In order to lower property taxes, you have to raise them on something else. So of course the House decided to tax ordinary people, instead of taxing big corporations. Not for nothing is the House gallery, where the business lobbyists sit, known as "the Owner's Box."
The House was prepared to saddle us all with the highest sales tax in the country. By lowering property taxes and raising sales taxes, the House lowered the tax burden on the richest Texans and dumped it on the poorest Texans, in a state that already has a staggeringly regressive tax structure.
The Senate passed a fairer bill, all things being relative, but House Speaker Tom Craddick refused to compromise. Craddick is the easy winner of this session's Number One Dickhead Award. "The Speaker said no," was the story of the whole session. If the state Supreme Court, which consists of nine conservative Republicans, backs the lower court decision that our current school financing system is unconstitutional, we'll have to close the public schools in October. That's how irresponsible these people are.
You know, it's one thing for Republicans to run year after year railing against government. But once you win, you got to run it, people.
One good thing: The state added 2,500 child protection workers. This was after a study showing that 509 Texas children died from abuse or neglect over a two-and-a-half-year period between 2001 and 2004. More than a quarter of those children had previously been investigated by Child Protective Services. CPS workers are so overburdened, they're handling up to 70 cases each, when the recommended load is somewhere in the 20s.
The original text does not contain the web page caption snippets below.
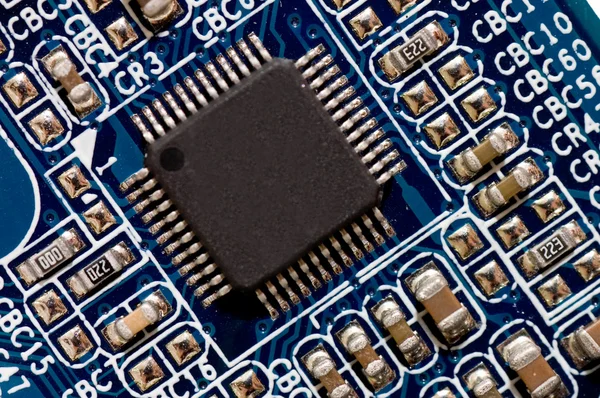 Gros plan de la carte de circuit informatique en bleu — Photo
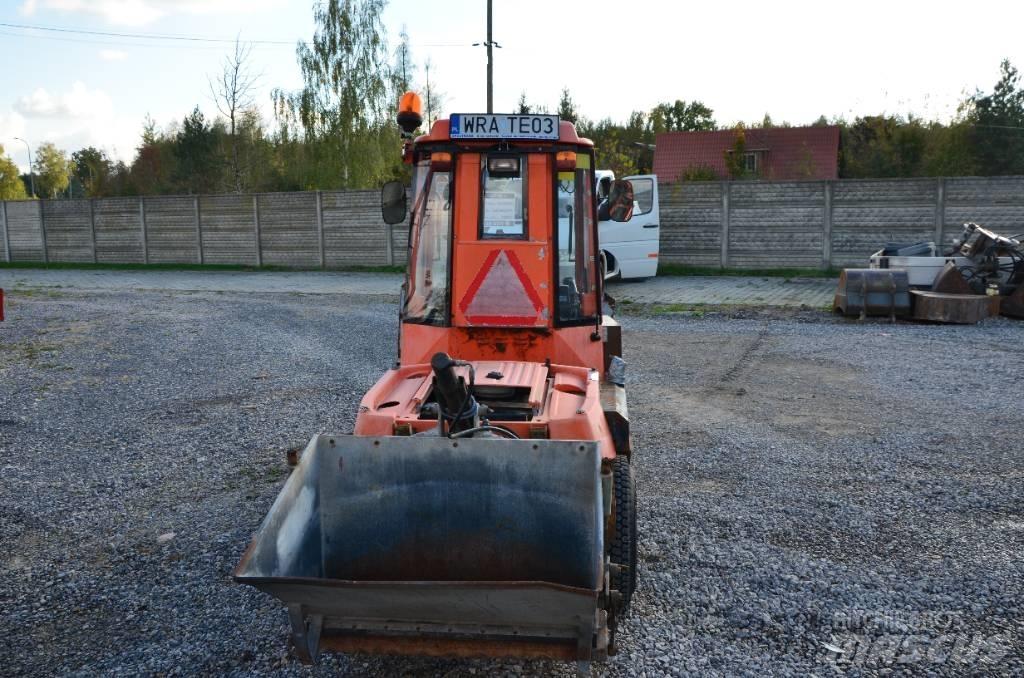 Holder C 240 Vozila za prijevoz opreme za rad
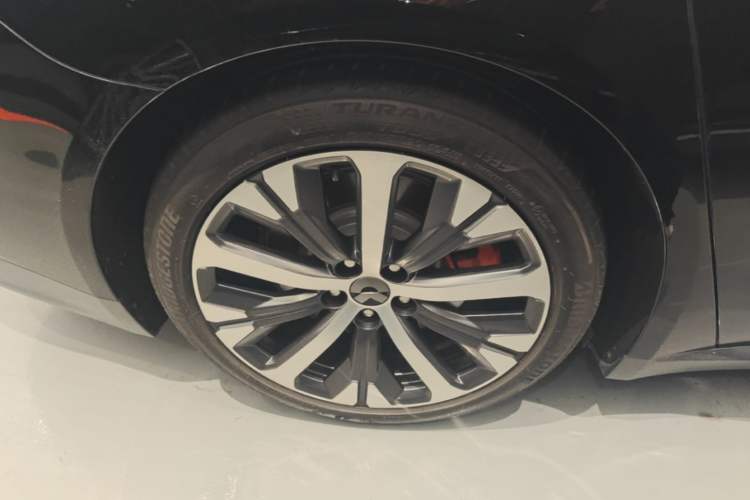 Used Nio ET7 2022 100kWh First Edition Right Rear Wheel Hub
Gov. Goodhair Perry ordered the statewide study after the beating death of a 2-year-old in San Antonio just a few weeks after she was returned home from state custody. God bless the child -- at least she didn't die in vain.
Thanks to the Lege, we can now legally drive 80 mph out in West Texas and start drinking before noon at public events on Sunday. They also raised juror pay from $6 a day, one of the lowest in the nation, to $40 a day -- only took them 50 years. As former state Sen. Carl Parker says, the Texas Legislature believes 12 citizens drawn at random are competent to decide on the death penalty, but not competent to decide fair and reasonable damages against industries that poison workers. This year, the Lege put a limit on awards in asbestos lawsuits.
After years of fooling around, this was supposed to be the year the Lege would finally address the school finance problem. People, we have to get this done. As a rule, the Lege never does anything hard unless the courts are holding a gun to its collective head. Then, of course, they blame it all on "activist judges."
This may be a shrewd political ploy for the "Craddick-al Right," but it is grossly irresponsible. The basic problem is what former Lt. Gov. Bob Bullock called the two-legged stool: a 19th century tax structure on a 21st century economy.
Almost all of the state's income is from property taxes and sales taxes. If you lower one, the other goes up. We don't have an income tax, and our business taxes are spotty, scarce and riddled with loopholes. Some political scientist should be able to figure out just exactly how much a company has to give in campaign contributions to get a special tax loophole in this state.
I recommend we try the old Blue Ribbon Commission ploy: Find someone with the energy of Ross Perot (if there is such an animal) to draw up a sensible plan without paying any attention to politics, and then sell it to the business community by showing them, again, their own self-interest lies in investing more in the schools. How about a special emphasis on math and science ed?
Newspaper editorials around the state graded this session an "F." As Bud Kennedy of the Fort Worth Star-Telegram said, the session opened with low expectations and managed to exceed them with an even lower performance.